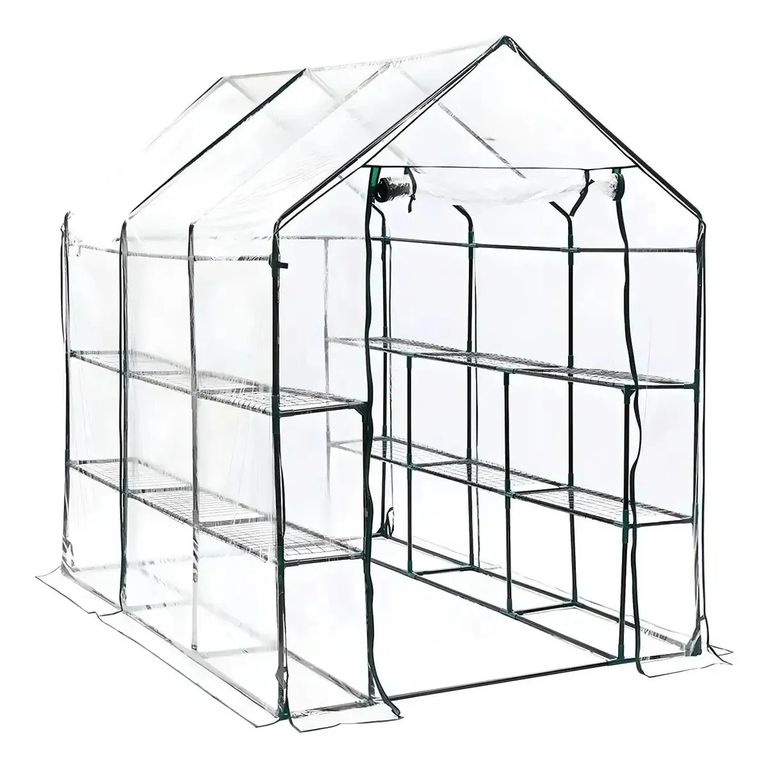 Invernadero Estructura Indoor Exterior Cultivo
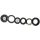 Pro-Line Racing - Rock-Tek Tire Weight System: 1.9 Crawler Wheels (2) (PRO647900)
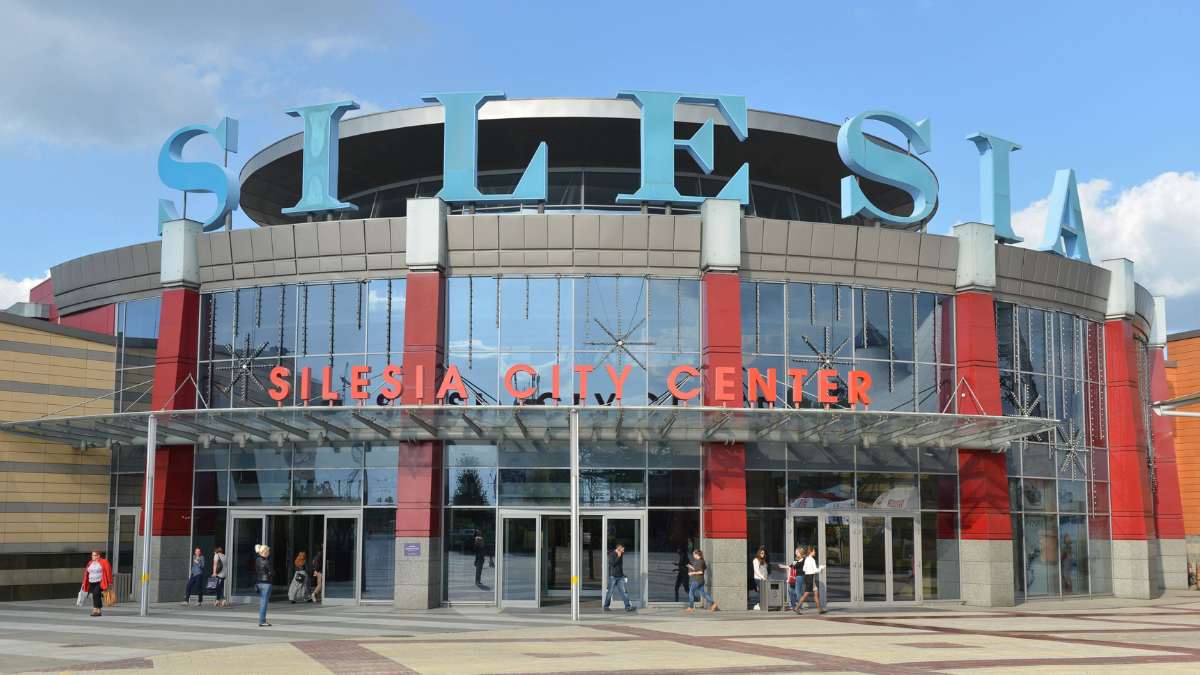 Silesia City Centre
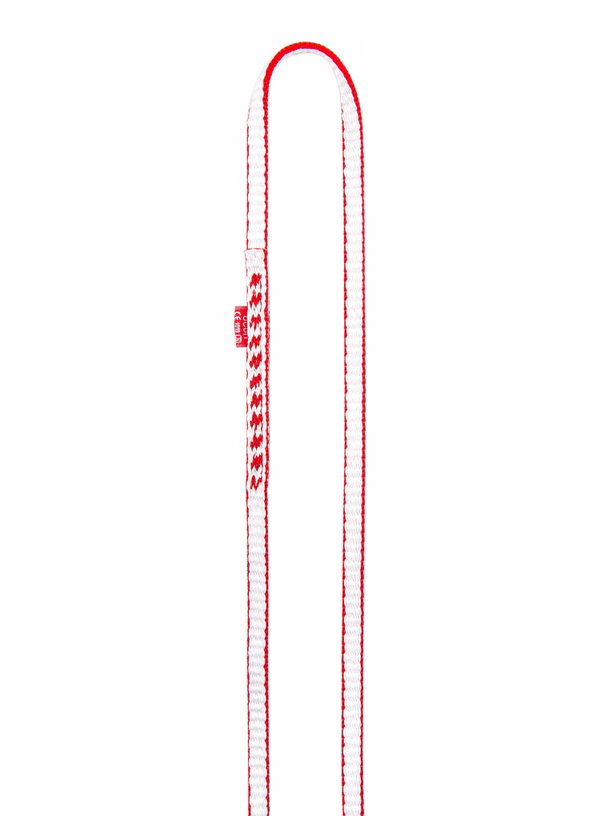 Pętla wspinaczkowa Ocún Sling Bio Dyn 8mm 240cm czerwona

* Assigned task *
Go through the listing above and retype it exactly, skipping every picture.

* Output below *
 Invernadero Estructura Indoor Exterior Cultivo
 Pro-Line Racing - Rock-Tek Tire Weight System: 1.9 Crawler Wheels (2) (PRO647900)
 Silesia City Centre
 Pętla wspinaczkowa Ocún Sling Bio Dyn 8mm 240cm czerwona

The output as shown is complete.